Un esperimento. In parte riuscito, in parte no. Dobbiamo lavorare ancora per formare questi stupendi ed entusiasti cronisti, già con un tesserino da giornalista pubblicista ad honorem in tasca. Ma andiamo avanti. Sì, avanti nel formare, nel far fare esperienza, nell’educare. È il «metodo Bullone». Nessuna lezione dall’alto. Scendere in campo, osare, provare, capire, riflettere. Sporcarsi le mani. Riordinare le idee. E scrivere, scrivere, scrivere. Ricordando un grande maestro, giornalista del Corriere della Sera, Walter Tobagi, assassinato dai terroristi il 28 maggio del 1980. «Capire bene per scrivere meglio». Bisogna capire gli altri, dove si è, con chi si è. Anche le sfumature. Poi si comincia l’avventura della scrittura.

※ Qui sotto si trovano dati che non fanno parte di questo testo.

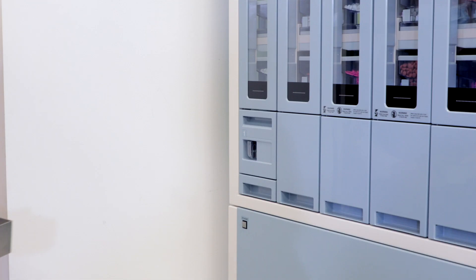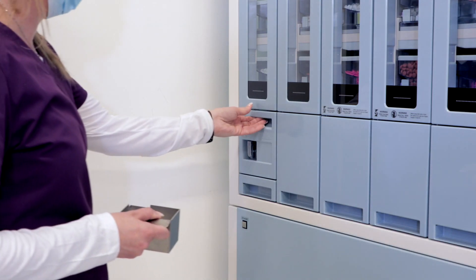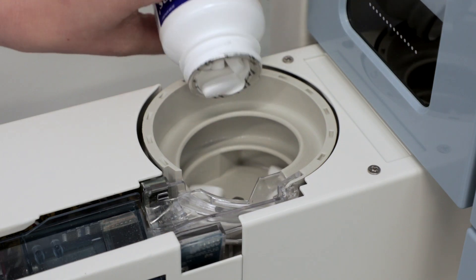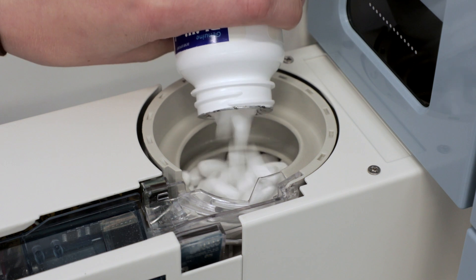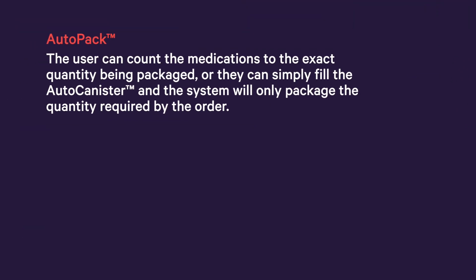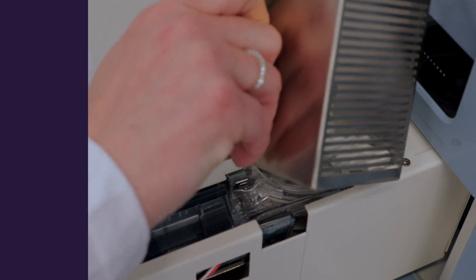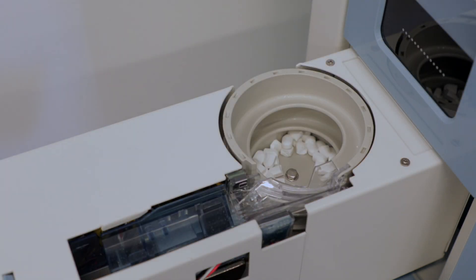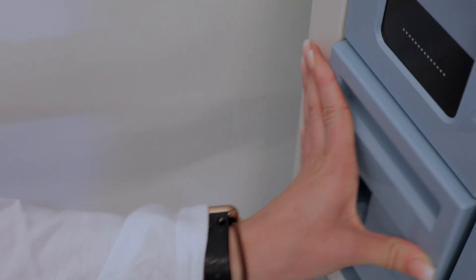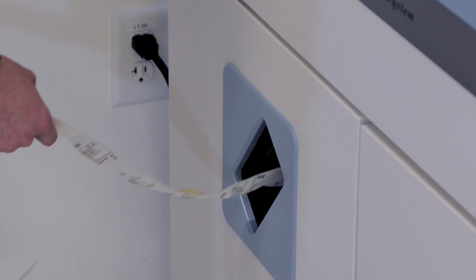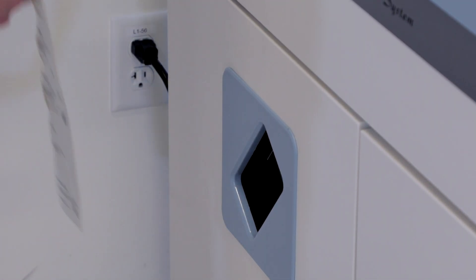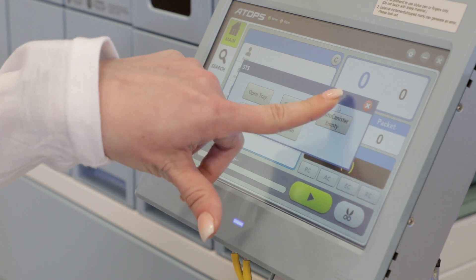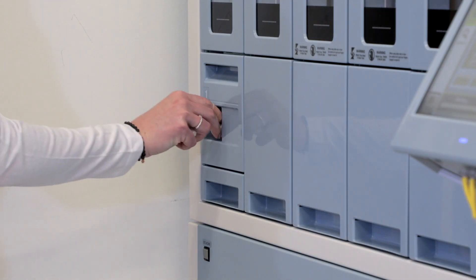The user then pulls open the drawer and loads the appropriate whole medications or half tablets. The user can count the medications to the exact quantity being packaged, or they can simply fill the AutoCanister, and the system will only package the quantity required by the order. The user closes the drawer and then completes the order from the packager. Once the medication pouches are packaged, the user can empty any excess medication and return it to the original bottle.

Al Bullone cerchiamo sempre, a piccoli passi, di far maturare l’esperienza delle cose che facciamo, come appunto il giornale. Un’esperienza concreta come base fondamentale della cultura e della conoscenza. Ma l’esperienza deve essere considerata come qualcosa che tende a modificare attivamente l’ambiente e proiettarsi progettualmente verso azioni future. Un metodo proprio, fatto di ipotesi e sperimentazioni, un metodo che orienta il processo educativo. Per questo i nostri ragazzi cronisti sperimentano l’essere cronisti, forse la parte più difficile di chi vuole fare il giornalista. Per passione o per un futuro lavoro. La frase che uso spesso è: «Ragazzi, sporcatevi le mani, fate fatica». Prima di imparare a scrivere un pezzo di cronaca, bisogna saper raccogliere le informazioni su quello che si vede, che si ascolta. Selezionare l’essenziale o le cose più importanti e poi lanciarsi contro il foglio bianco. Riempirlo di lettere, di parole, di senso.
Dai, dai, dai… proviamo.
– Giancarlo Perego
“Uno scatto da cronista. Vai sul posto, vedi e poi racconti quello che hai visto e sentito. Non più quello che hai dentro, le tue emozioni, le tue opinioni, il tuo «sentire». I ragazzi del Bullone sono scesi in campo per la prima volta.”